→ **DATA TO EXAMINE**
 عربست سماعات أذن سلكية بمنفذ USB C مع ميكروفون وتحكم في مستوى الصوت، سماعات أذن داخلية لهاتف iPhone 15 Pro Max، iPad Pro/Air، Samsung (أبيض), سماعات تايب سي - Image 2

...

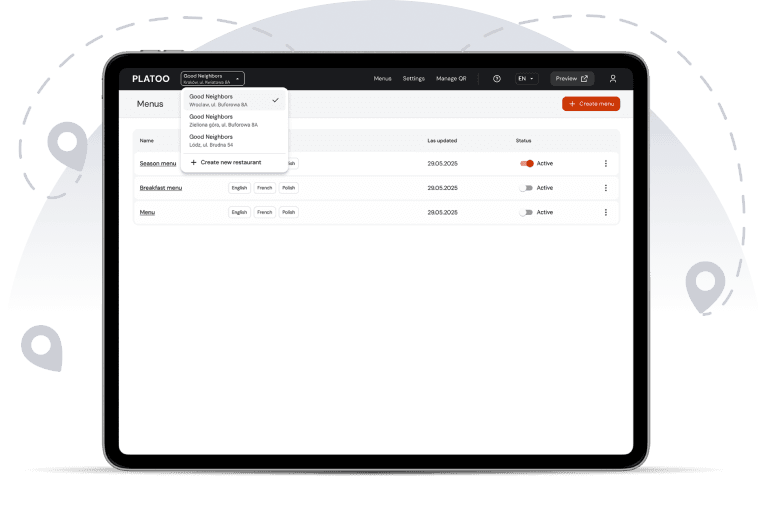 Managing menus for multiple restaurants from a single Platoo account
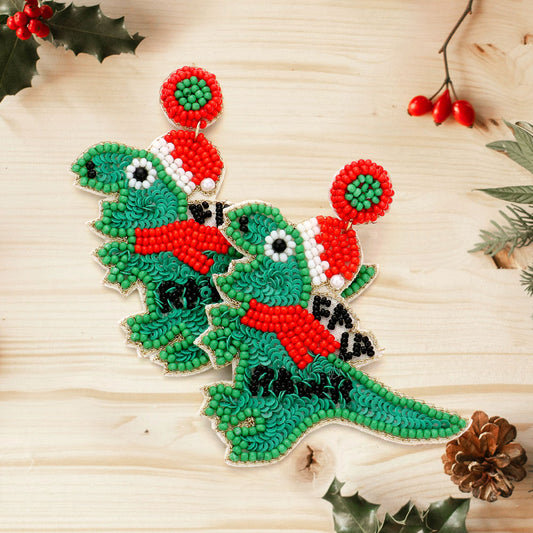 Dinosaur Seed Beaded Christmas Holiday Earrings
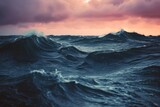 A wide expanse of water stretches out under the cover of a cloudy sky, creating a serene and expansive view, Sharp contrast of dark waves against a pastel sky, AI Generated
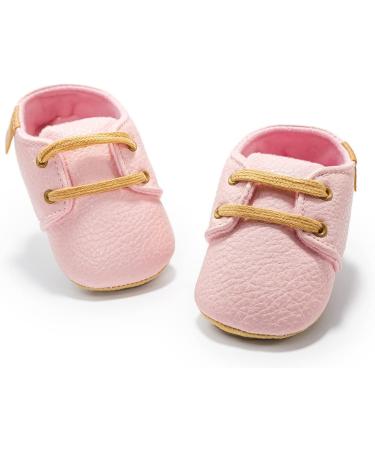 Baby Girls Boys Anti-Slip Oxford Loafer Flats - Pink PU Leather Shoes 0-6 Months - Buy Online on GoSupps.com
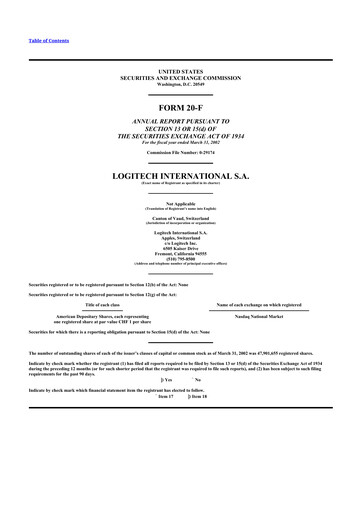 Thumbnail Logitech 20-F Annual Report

...

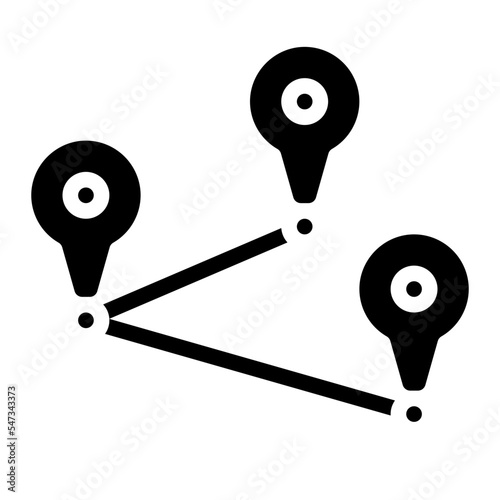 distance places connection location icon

→ **BRIEF**
The data above holds the lines to copy: start at the one with "Dinosaur Seed Beaded", stop at the one with "Thumbnail Logitech 20-F Annual Report", include both, copy them exactly without pictures, and copy nothing else.

→ **RESULT FOR THIS TASK**
 Dinosaur Seed Beaded Christmas Holiday Earrings
 A wide expanse of water stretches out under the cover of a cloudy sky, creating a serene and expansive view, Sharp contrast of dark waves against a pastel sky, AI Generated
 Baby Girls Boys Anti-Slip Oxford Loafer Flats - Pink PU Leather Shoes 0-6 Months - Buy Online on GoSupps.com
 Thumbnail Logitech 20-F Annual Report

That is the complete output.